The Guardian menuliskan bahwa politisi Indonesia Basuki Tjahaja Purnama (Ahok) dibebaskan di tengah desas-desus kemungkinan besar Ahok yang berusaha menghidupkan kembali nasib politiknya. "Mantan Gubernur Jakarta, Indonesia yang dipenjara karena penistaan agama pada tahun 2017 telah dibebaskan," ujar BBC dalam beritanya.
Strait Times menuliskan Ahok keluar dari penjara pada pukul 07.30 dan disambut oleh putranya. Beberapa pendukungnya juga menunggunya bebas. "Sejumlah pendukung Ahok berpakaian merah, biru dan putih berkumpul di luar Mako Brimob di Depok, Jakarta Selatan, menunggu pembebasannya," kata Straits Times.
"Sebelum pembebasannya, ada laporan media dan banyak obrolan tentang masa depannya, termasuk diundang untuk berbicara di beberapa negara," lanjut media tersebut.
Kantor berita Reuters juga memberitakan pembebasan Ahok pagi ini. Sementara France24 memberitkan pembebasan Ahok dan menceritakan masa kecil Ahok yang dibesarkan dengan ayah yang tegas. Ahok dilahirkan dalam keluarga kaya di pulau Belitung di Indonesia barat, dan belajar geologi di universitas di Jakarta, sebelum kembali ke desanya dan menjalankan bisnis.
Ayahnya mendesak dia untuk menggunakan bakatnya untuk membantu mereka yang kurang beruntung, dan dia memasuki politik lokal pada 2004.
Ia terpilih sebagai anggota parlemen nasional pada tahun 2009 dan bertemu Joko Widodo. Mereka kemudian mencalonkan diri dalam pemilihan Gubernuh DKI Jakarta 2012 dan menang dengan Jokowi sebagai gubernur dan Ahilok sebagai wakil gubernur.

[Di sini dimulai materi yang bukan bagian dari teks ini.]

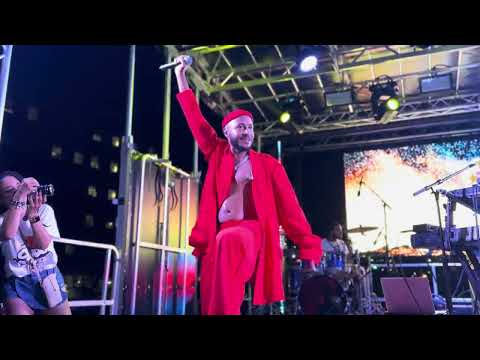 Dieg performing in a Live Concert in USA  “I love Cabo Verde” . We do not own this Song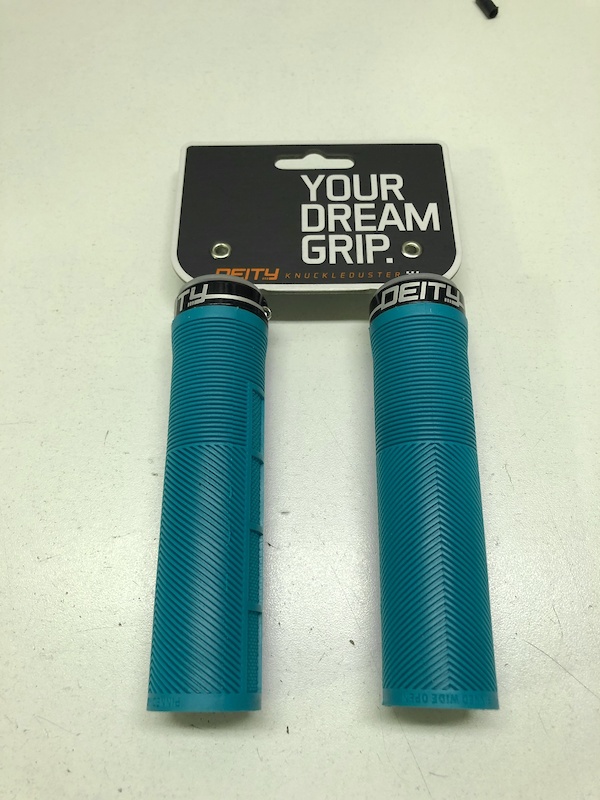 deity purple grips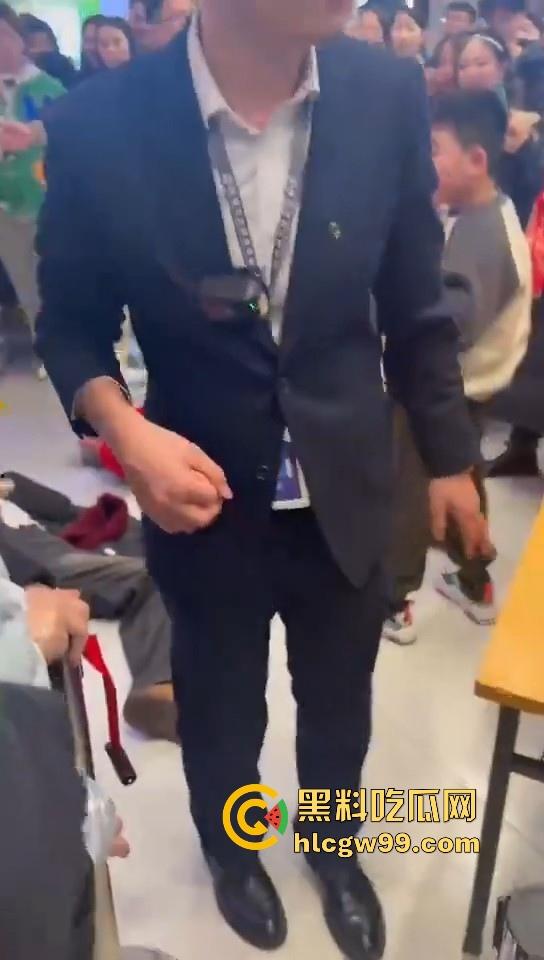 山东临沂兰陵县万达广场老太太与女大学生吵架碰瓷，两人同时躺地，棋逢对手，老太太碰到硬茬了-7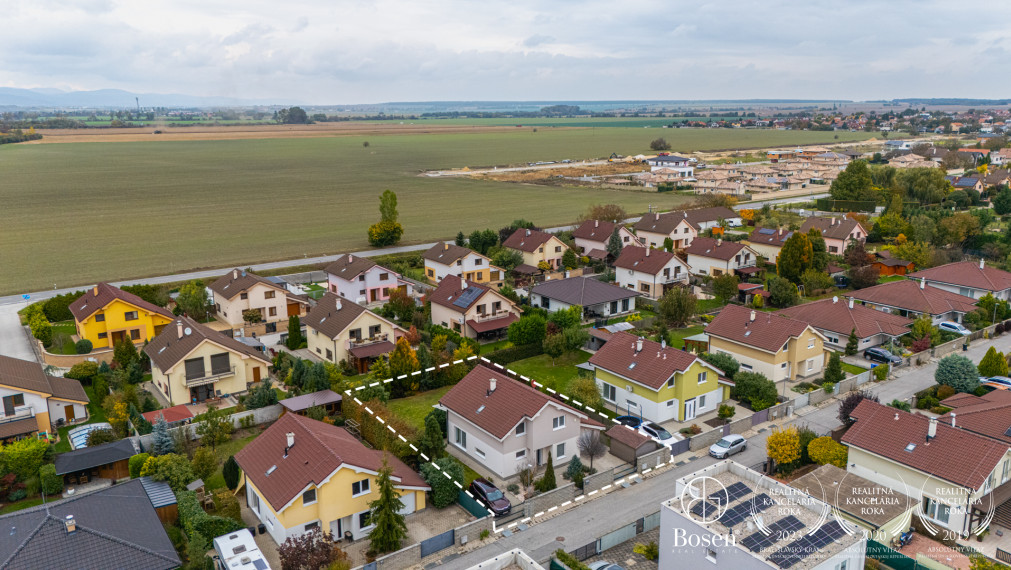 BOSEN | 5 izbový rodinný dom s garážou a krbom v Ch. Grobe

"Namun, warisan sejatinya mungkin bukan jalan atau taman yang ia ciptakan, tetapi kepribadiannya," kata Syamsuddin Haris, seorang analis politik di Institut Ilmu Pengetahuan Indonesia.
"Warisannya adalah keterbukaan, kejujuran, keberanian, kepemimpinan yang menentukan, dan pendiriannya melawan korupsi," kata Haris.